Your output should be the lines below from the one holding "Kan papegøyer spise" through the one holding "娇兰最经典的是哪一款,2020年面霜排行榜10强", transcribed exactly, with no pictures.

- [INFORMATION SUPPLIED]
------------------------------

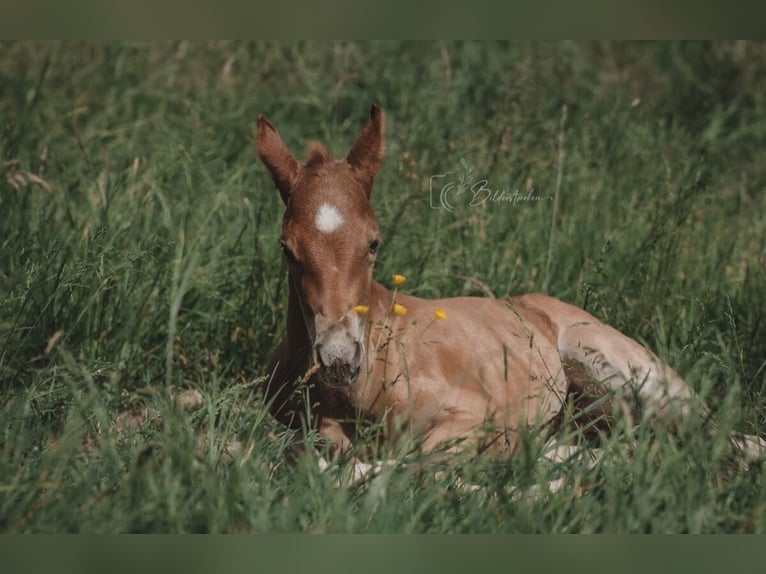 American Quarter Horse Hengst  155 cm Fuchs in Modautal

------------------------------

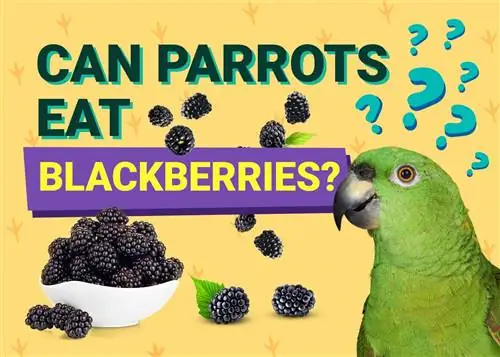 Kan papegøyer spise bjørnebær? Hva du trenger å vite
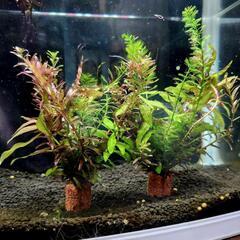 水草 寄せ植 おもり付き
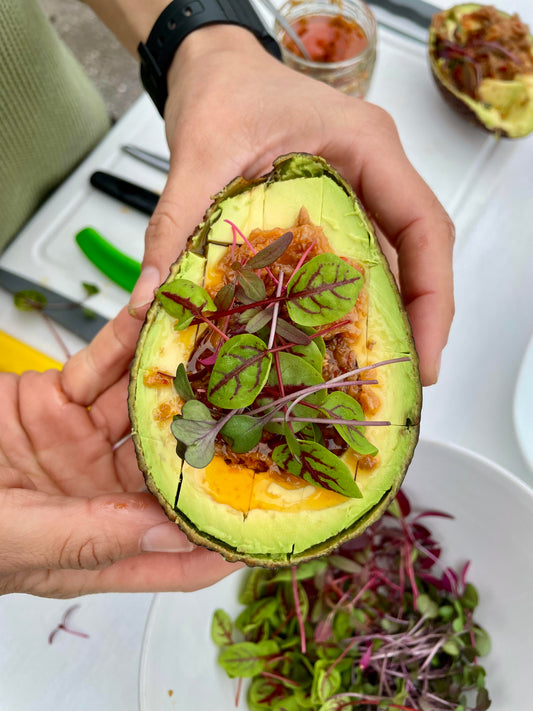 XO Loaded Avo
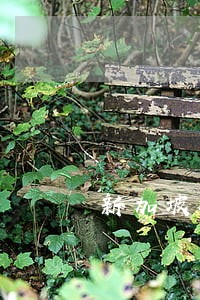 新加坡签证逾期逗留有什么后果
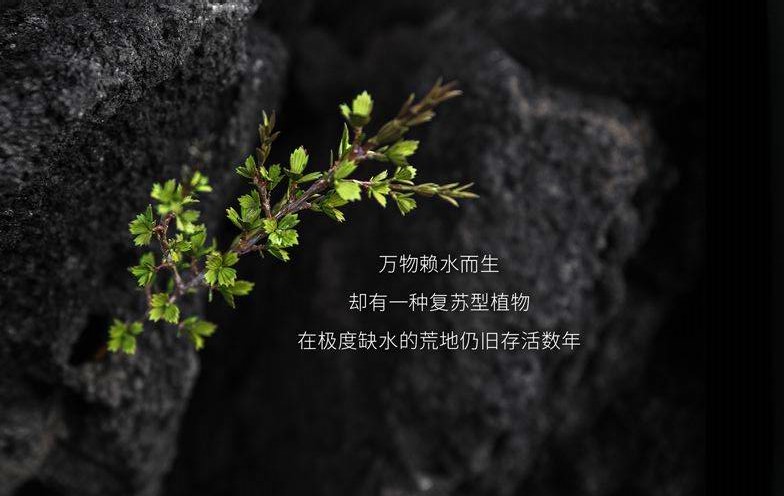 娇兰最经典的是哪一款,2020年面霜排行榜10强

------------------------------

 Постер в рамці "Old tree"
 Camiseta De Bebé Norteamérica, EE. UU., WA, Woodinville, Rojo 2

------------------------------

- [SOLUTION FOR THIS PROBLEM]
 Kan papegøyer spise bjørnebær? Hva du trenger å vite
 水草 寄せ植 おもり付き
 XO Loaded Avo
 新加坡签证逾期逗留有什么后果
 娇兰最经典的是哪一款,2020年面霜排行榜10强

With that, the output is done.